[Items listed in a dataset]
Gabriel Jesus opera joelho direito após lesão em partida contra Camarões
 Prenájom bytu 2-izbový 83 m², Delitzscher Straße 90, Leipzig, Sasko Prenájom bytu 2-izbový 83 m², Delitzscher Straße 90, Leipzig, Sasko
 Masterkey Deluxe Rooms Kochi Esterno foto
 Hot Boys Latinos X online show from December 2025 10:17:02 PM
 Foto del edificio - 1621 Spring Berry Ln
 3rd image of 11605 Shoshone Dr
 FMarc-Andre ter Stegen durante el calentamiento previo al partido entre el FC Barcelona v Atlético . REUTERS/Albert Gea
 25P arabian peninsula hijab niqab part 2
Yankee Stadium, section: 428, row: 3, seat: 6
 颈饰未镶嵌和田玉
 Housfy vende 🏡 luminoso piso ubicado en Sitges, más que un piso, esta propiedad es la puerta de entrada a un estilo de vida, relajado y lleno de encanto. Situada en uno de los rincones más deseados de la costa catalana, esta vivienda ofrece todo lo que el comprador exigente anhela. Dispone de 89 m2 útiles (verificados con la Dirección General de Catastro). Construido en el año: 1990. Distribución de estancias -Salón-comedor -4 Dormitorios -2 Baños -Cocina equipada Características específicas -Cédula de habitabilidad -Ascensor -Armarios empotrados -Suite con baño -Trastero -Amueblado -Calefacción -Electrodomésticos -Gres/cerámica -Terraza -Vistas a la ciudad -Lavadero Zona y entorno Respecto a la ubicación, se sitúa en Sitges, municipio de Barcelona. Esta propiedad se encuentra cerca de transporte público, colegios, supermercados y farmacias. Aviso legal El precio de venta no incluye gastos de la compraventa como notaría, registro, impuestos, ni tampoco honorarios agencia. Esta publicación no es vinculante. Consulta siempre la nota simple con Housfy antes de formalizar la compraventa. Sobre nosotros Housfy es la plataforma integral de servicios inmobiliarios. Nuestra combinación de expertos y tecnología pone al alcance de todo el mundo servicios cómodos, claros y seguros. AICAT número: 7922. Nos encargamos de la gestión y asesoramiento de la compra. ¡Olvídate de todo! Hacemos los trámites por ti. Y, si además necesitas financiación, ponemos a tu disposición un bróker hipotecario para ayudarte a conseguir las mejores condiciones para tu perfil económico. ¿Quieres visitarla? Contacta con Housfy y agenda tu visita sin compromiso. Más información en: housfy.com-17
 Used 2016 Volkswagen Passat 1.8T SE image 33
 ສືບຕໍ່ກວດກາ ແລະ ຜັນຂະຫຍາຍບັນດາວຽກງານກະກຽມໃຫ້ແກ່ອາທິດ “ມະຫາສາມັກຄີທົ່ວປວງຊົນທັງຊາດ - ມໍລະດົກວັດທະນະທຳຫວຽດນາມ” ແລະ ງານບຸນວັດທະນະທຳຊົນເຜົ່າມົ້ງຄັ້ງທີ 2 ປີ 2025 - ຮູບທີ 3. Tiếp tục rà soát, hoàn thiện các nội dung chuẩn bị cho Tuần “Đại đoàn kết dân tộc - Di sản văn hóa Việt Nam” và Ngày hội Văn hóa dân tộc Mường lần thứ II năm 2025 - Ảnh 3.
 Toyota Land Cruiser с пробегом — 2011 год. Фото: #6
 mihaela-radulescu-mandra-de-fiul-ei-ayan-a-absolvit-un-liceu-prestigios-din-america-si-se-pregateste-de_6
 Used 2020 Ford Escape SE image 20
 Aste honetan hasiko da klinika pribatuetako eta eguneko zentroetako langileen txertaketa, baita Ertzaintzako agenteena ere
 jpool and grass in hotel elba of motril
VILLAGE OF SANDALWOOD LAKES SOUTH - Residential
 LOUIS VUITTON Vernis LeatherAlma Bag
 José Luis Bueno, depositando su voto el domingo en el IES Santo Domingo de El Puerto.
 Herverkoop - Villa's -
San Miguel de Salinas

▶ _Instructions to follow_
Among the lines of the records, copy out each one that contains the word "Barcelona".

▶ _Exercise answer_
 FMarc-Andre ter Stegen durante el calentamiento previo al partido entre el FC Barcelona v Atlético . REUTERS/Albert Gea
 Housfy vende 🏡 luminoso piso ubicado en Sitges, más que un piso, esta propiedad es la puerta de entrada a un estilo de vida, relajado y lleno de encanto. Situada en uno de los rincones más deseados de la costa catalana, esta vivienda ofrece todo lo que el comprador exigente anhela. Dispone de 89 m2 útiles (verificados con la Dirección General de Catastro). Construido en el año: 1990. Distribución de estancias -Salón-comedor -4 Dormitorios -2 Baños -Cocina equipada Características específicas -Cédula de habitabilidad -Ascensor -Armarios empotrados -Suite con baño -Trastero -Amueblado -Calefacción -Electrodomésticos -Gres/cerámica -Terraza -Vistas a la ciudad -Lavadero Zona y entorno Respecto a la ubicación, se sitúa en Sitges, municipio de Barcelona. Esta propiedad se encuentra cerca de transporte público, colegios, supermercados y farmacias. Aviso legal El precio de venta no incluye gastos de la compraventa como notaría, registro, impuestos, ni tampoco honorarios agencia. Esta publicación no es vinculante. Consulta siempre la nota simple con Housfy antes de formalizar la compraventa. Sobre nosotros Housfy es la plataforma integral de servicios inmobiliarios. Nuestra combinación de expertos y tecnología pone al alcance de todo el mundo servicios cómodos, claros y seguros. AICAT número: 7922. Nos encargamos de la gestión y asesoramiento de la compra. ¡Olvídate de todo! Hacemos los trámites por ti. Y, si además necesitas financiación, ponemos a tu disposición un bróker hipotecario para ayudarte a conseguir las mejores condiciones para tu perfil económico. ¿Quieres visitarla? Contacta con Housfy y agenda tu visita sin compromiso. Más información en: housfy.com-17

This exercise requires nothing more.